9. Volunteer because you want to, not because you feel like you have to.

10. Develop your spiritual side but do not be a slave to form or ritual. Cultivate your own relationship with God.

11. Understand the importance of leverage. But, if it’s with recourse, don’t borrow more than you can afford to pay back.

12. Doing good is just as important as doing well.

13. Time is not just your most precious commodity, it is your only commodity. Don’t waste it. And don’t give it to people or projects that don’t respect it.

14. Try new things.

15. Be decisive.

16. Do what you love but find a way to make money doing it or you won’t be able to do it very long.

17. Don’t be an ideologue or a demagogue. The world has plenty of those.

18. Don’t vote straight ticket. Think for yourself. If you think one political party has all of the answers, you’re not asking the right questions.

19. Don’t buy into dogmatic bullshit. Opinions are not facts.

20. Give people the benefit of the doubt, until you doubt the benefit. Then stop.

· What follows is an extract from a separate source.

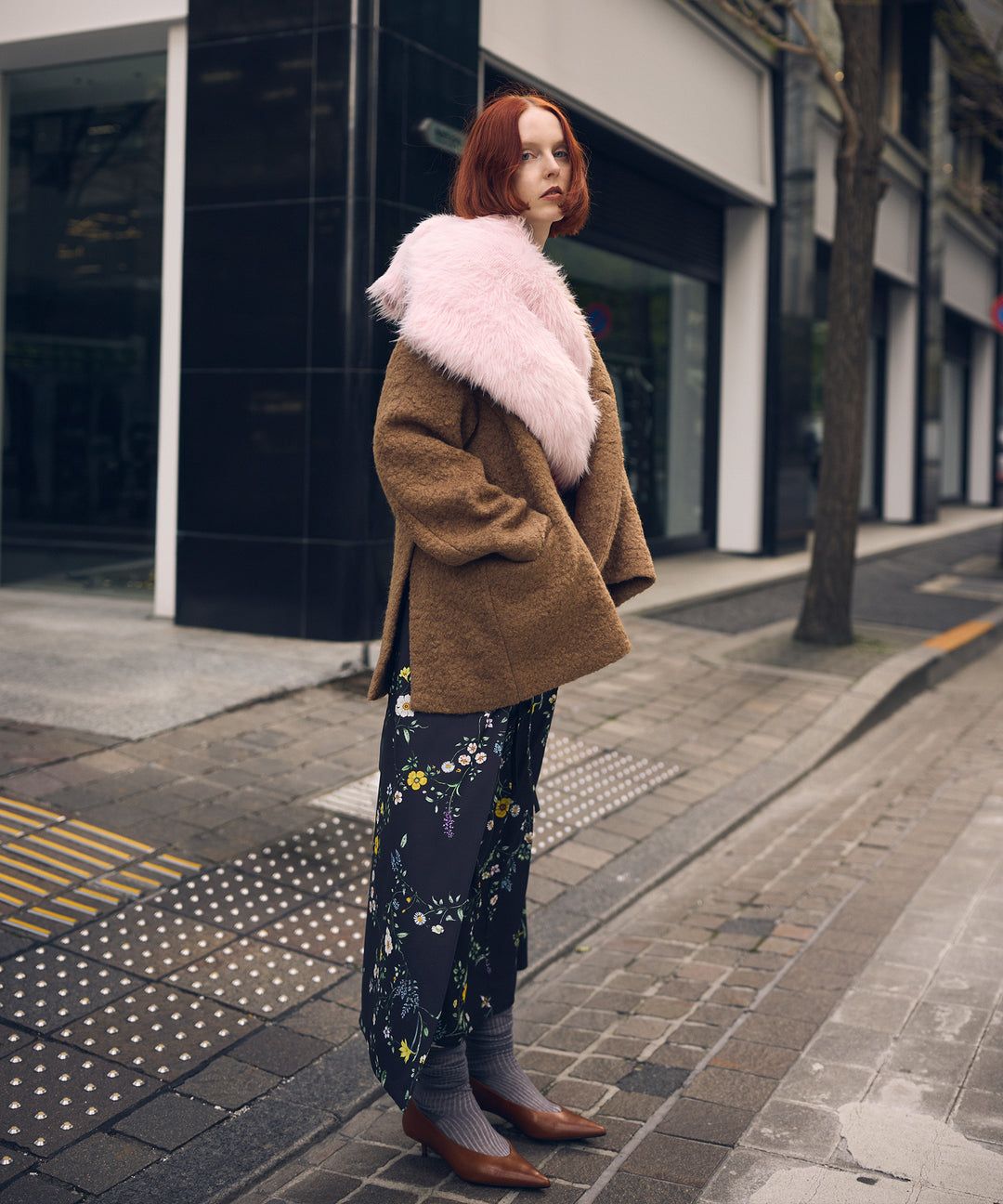 ロングシャギーVネックカーディガン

You’ll know when that is.

21. Most of your life should be spent running uphill. If you’re not, then you’re not challenging yourself.

22. Don’t bring home stray kittens. Someone other than you is probably better equipped to take care of them.

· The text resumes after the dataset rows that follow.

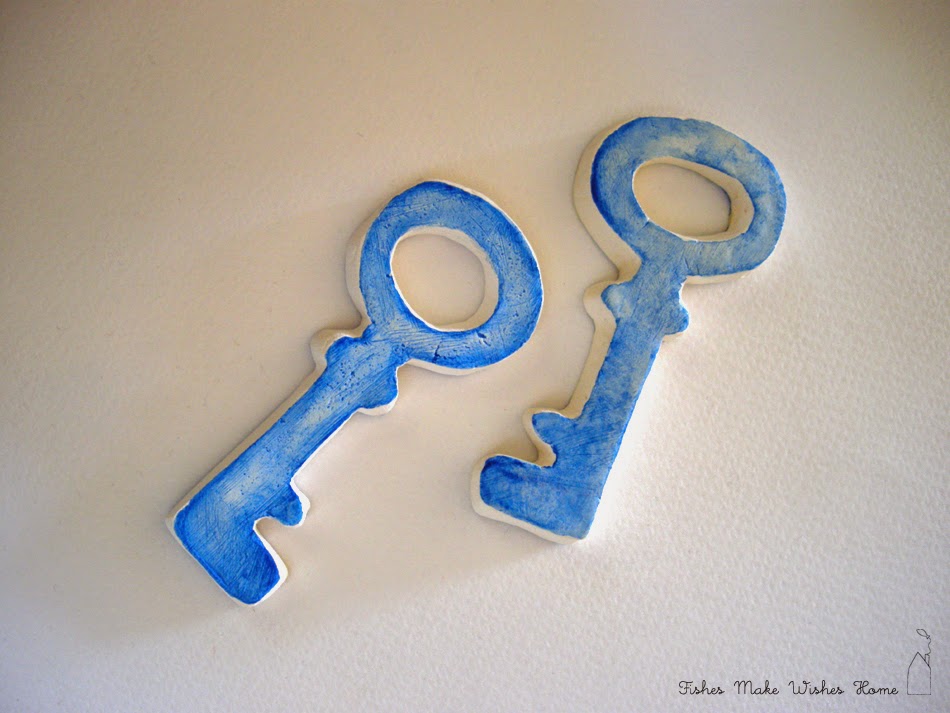 http://www.etsy.com/listing/109359489/blue-clay-key-skeleton-key-decor-cottage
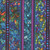 Benartex Fabrics Cat Artistry Peggy Collins Blue Green Purple Stained Glass Fractal Stripe
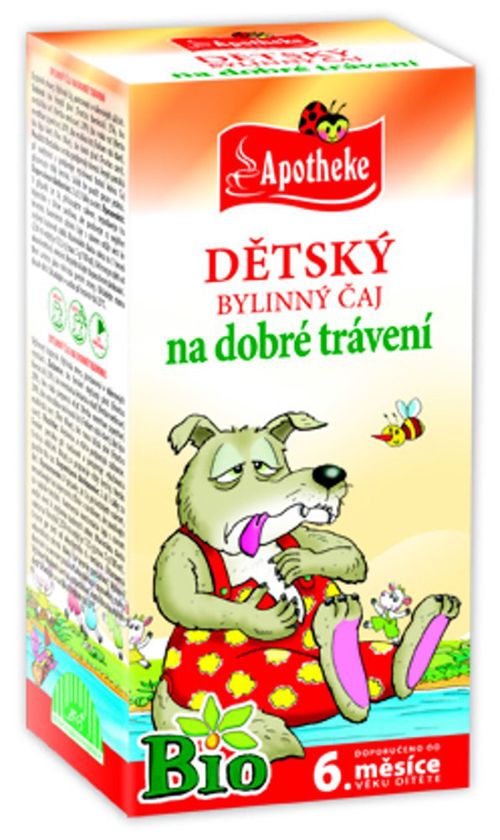 Apotheke BIO Dětský čaj dobré trávení nálevové sáčky 20x 1,5 g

23. Most of your life your only company is yourself. Like yourself.

24. If you want to get a tattoo, go to your closet and pick out your favorite shirt. Wear it every day and every night for 2 years. If you’re not tired of wearing it after 2 years, go get your tattoo.

25. Don’t worry about trying to impress people with your knowledge or experience when you’re young. Just be interested, engaged and eager to learn.

26. If you show up to class on time and sit in one of the first three rows, you will succeed.

27. It’s often easier to effectuate change by working within the system rather than outside the system. When it’s not, be sure to find strong allies.

28. If the police officer or the professor is talking, you’re listening.

29. It’s not always chess; sometimes it’s just checkers.

30. In things both big and small, always be someone upon whom others can rely. Help your friend move into his new apartment. Return phone calls. Keep your word. Follow through.

31. Read leisurely for at least 30 minutes every day. This will broaden your point of view and increase your curiosity about the world.

32. Kindness can be disarming.

33. Stand up straight, look people square in the eye and be the first to offer a firm handshake.

34. Have a toothbrush and toothpaste close at hand. A vigorous tooth brushing right before an important meeting is a confidence builder.

35. Don’t talk about how much ass you kicked in high school when you’re in college. No one gives a damn.

36. You’re always working for yourself, even when you’re working for someone else.

37. Don’t assume that an obvious question has already been asked.

38. When you review a proposal from someone else, don’t feel constrained by the parameters of their proposal.

39. Embrace and celebrate the things that make you feel different from everyone else.

40. Resist the insidious, slow progression toward cynicism.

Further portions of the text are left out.